Yes, inflation is still agonizingly high. Overall consumer inflation rates continue to hover near the 8% mark within the United States, setting a tone — and pace — for the rest of the world. Even stripping out the impact of volatile food and gas prices, the average consumer’s costs are 7% higher than they were a year ago. It’s taking a toll, even if only a mental one.
At least the pace of price increases is set to cool. The International Monetary Fund foresees global inflation retreating to 6.5% next year, on to an even more palatable 4.1% in 2024. Numbers from the most recent New York Fed Survey of Consumer Expectations suggest U.S. consumers anticipate seeing at least partial price curbs. It should be just enough relief to prevent consumers from completely cinching up their purse strings.
At the same time, while this year has been a tough one for corporate profits, analysts are in agreement with companies’ still-bullish outlooks. The S&P 500 is expected to earn a record-breaking $230.10 per share next year, reversing this year’s slight earnings lull of only $204.17 per share. At that earnings projection, the index is currently priced at a forward-looking P/E ratio of only 16.5. That’s cheaper than the S&P 500 has been for any meaningful length of time in years, largely thanks to this year’s overly aggressive selling.
Then there’s the bullish argument some investors just have a tough time believing. That is, the third year of any presidential term tends to be a bullish one, even when there’s political gridlock in Washington.

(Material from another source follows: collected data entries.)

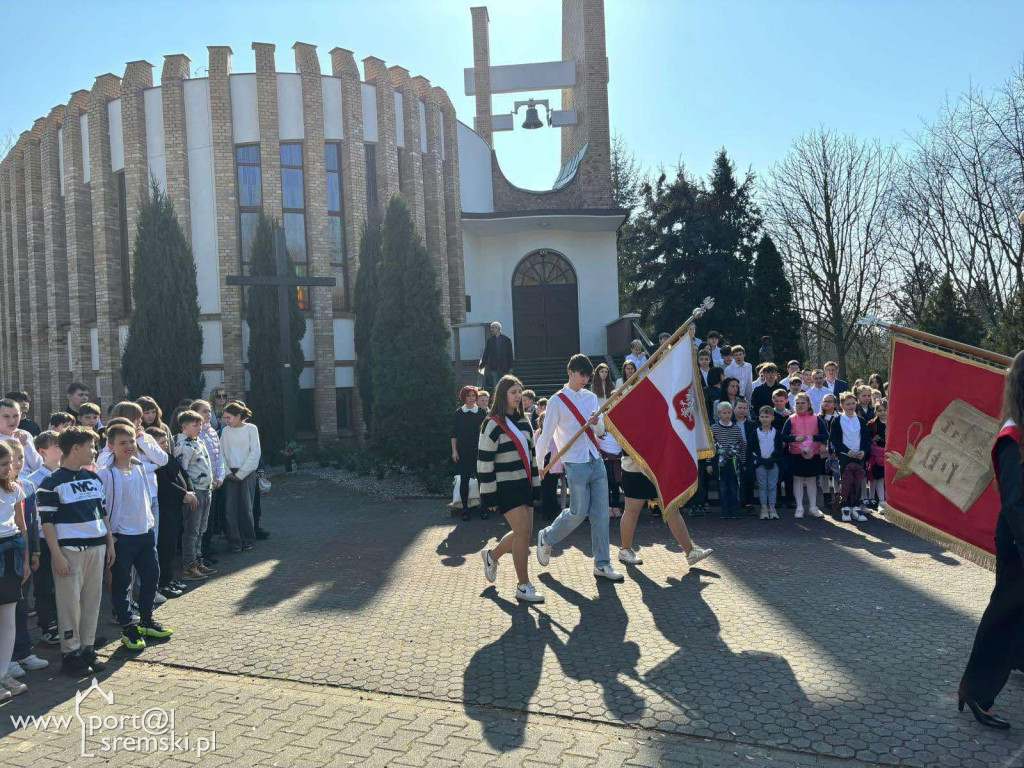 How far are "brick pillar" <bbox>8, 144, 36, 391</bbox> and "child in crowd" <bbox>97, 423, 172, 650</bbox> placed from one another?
2390 cm

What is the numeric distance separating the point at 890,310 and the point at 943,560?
88.8 feet

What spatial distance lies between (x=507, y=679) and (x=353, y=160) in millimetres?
18219

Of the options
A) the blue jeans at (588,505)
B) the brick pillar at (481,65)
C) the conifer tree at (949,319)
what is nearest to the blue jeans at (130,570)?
the blue jeans at (588,505)

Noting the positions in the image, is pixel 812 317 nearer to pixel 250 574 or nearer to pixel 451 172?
pixel 451 172

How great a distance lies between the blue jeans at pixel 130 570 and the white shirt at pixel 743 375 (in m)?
9.10

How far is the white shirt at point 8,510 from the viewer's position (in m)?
4.77

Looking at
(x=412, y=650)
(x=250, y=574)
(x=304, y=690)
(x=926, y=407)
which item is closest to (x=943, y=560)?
(x=926, y=407)

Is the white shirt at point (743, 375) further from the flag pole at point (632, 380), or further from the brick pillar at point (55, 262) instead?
the brick pillar at point (55, 262)

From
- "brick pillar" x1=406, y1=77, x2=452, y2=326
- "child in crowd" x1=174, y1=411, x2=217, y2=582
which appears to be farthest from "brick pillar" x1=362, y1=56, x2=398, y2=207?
"child in crowd" x1=174, y1=411, x2=217, y2=582

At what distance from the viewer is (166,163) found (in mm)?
19844

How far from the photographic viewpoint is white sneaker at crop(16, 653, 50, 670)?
5.31 meters

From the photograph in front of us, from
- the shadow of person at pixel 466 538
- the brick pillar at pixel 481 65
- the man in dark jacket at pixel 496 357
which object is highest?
the brick pillar at pixel 481 65

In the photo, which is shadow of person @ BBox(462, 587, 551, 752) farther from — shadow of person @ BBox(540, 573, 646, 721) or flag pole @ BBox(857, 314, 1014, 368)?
flag pole @ BBox(857, 314, 1014, 368)

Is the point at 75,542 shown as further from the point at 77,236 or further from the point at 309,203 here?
the point at 77,236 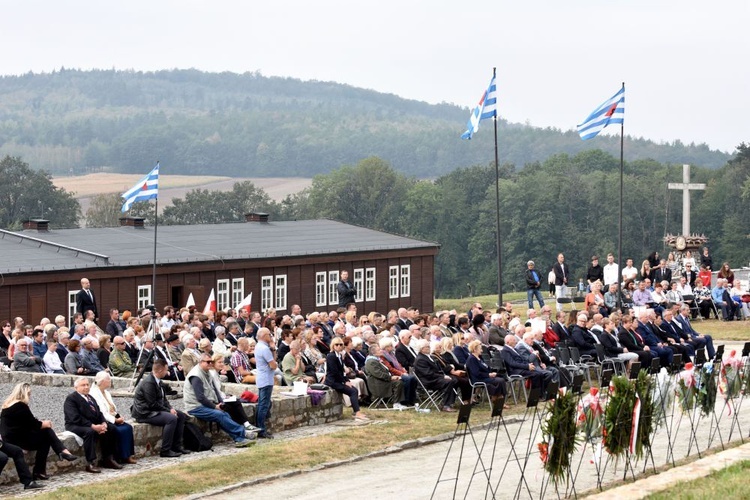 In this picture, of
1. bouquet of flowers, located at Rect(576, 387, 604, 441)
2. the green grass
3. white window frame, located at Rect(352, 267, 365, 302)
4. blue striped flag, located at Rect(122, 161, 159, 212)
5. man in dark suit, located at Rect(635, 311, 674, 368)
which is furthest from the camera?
white window frame, located at Rect(352, 267, 365, 302)

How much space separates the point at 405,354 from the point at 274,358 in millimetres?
3602

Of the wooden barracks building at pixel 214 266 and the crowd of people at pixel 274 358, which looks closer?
the crowd of people at pixel 274 358

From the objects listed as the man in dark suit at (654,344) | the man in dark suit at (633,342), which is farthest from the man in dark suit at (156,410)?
the man in dark suit at (654,344)

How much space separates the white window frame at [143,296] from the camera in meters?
39.4

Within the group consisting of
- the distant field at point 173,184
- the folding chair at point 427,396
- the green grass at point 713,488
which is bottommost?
the folding chair at point 427,396

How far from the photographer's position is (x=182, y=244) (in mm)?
43562

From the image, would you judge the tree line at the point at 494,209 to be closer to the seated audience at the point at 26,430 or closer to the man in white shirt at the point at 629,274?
the man in white shirt at the point at 629,274

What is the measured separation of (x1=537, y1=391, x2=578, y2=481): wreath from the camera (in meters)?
14.5

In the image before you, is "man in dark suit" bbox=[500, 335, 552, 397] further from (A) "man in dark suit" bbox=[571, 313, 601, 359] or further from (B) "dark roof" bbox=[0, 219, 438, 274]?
(B) "dark roof" bbox=[0, 219, 438, 274]

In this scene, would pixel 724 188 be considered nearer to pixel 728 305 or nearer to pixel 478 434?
pixel 728 305

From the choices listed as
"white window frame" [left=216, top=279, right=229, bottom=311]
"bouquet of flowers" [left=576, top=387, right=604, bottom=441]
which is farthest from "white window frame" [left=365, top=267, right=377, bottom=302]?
"bouquet of flowers" [left=576, top=387, right=604, bottom=441]

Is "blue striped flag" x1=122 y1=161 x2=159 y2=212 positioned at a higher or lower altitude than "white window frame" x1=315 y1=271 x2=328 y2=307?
higher

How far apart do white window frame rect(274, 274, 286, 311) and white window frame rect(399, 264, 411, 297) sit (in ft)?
21.8

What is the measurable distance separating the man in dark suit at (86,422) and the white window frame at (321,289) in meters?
29.1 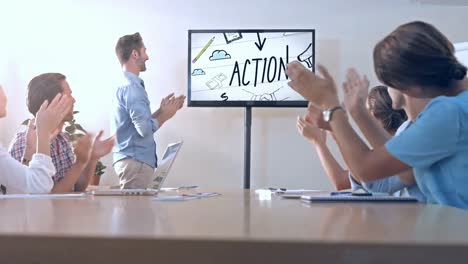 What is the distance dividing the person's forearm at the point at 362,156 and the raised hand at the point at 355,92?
0.11m

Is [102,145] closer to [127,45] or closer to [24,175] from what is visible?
[24,175]

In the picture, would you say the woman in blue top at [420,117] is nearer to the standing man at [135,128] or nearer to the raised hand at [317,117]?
the raised hand at [317,117]

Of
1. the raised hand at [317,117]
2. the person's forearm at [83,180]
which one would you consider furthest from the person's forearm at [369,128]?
the person's forearm at [83,180]

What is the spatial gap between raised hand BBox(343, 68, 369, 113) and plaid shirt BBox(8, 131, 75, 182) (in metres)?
1.31

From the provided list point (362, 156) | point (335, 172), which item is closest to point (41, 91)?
point (335, 172)

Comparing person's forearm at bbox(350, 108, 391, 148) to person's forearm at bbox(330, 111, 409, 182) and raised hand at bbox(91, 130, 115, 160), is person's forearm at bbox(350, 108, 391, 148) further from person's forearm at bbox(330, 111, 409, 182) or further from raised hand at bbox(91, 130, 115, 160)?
raised hand at bbox(91, 130, 115, 160)

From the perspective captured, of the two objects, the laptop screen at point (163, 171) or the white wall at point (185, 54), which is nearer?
the laptop screen at point (163, 171)

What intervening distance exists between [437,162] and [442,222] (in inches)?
23.5

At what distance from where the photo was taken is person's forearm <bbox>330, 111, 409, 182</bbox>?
49.8 inches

Indeed, gridlock may prove beneficial for the market, since it means both parties are relatively powerless to prevent business from doing what business does. Research performed by U.S. Bank indicates the S&P 500 advances an average of 16.3% in the 12-month stretch immediately following a midterm election, more than doubling (and nearly tripling) the average non-midterm year’s gain. Bespoke Investment Group’s numbers say the index gains closer to 13% during the third year of a president’s four-year term; though Bespoke is also looking at more historical data, its number-crunching suggests there’s more than an 80% chance the market will make some sort of gain this coming year.
Or, here’s yet another bullish argument for continuing to invest in stocks: Hartford’s research reveals that while the average bear market drives the S&P 500 lower by 36% from peak to trough, the average bull market is good for a 114% gain. That gain more than makes any temporary setback worth the frustration.
Keep things in perspective
They’re all just numbers, of course; the market may defy statistical norms and valuation-based forces. Stocks may well have further to fall, and may continue to slide lower for far longer than currently seems likely.
We’re likely closer to a major bottom than not, though. And, in any case, the biggest risk to the buy-and-hold crowd remains missing out on long-term gains rather than taking a few short-term lumps. Be sure you’re keeping things in their proper perspective. More to the point, be sure you’re still putting money to work in the market even if it feels a bit uncomfortable to do so. This game isn’t a sprint. It’s a marathon.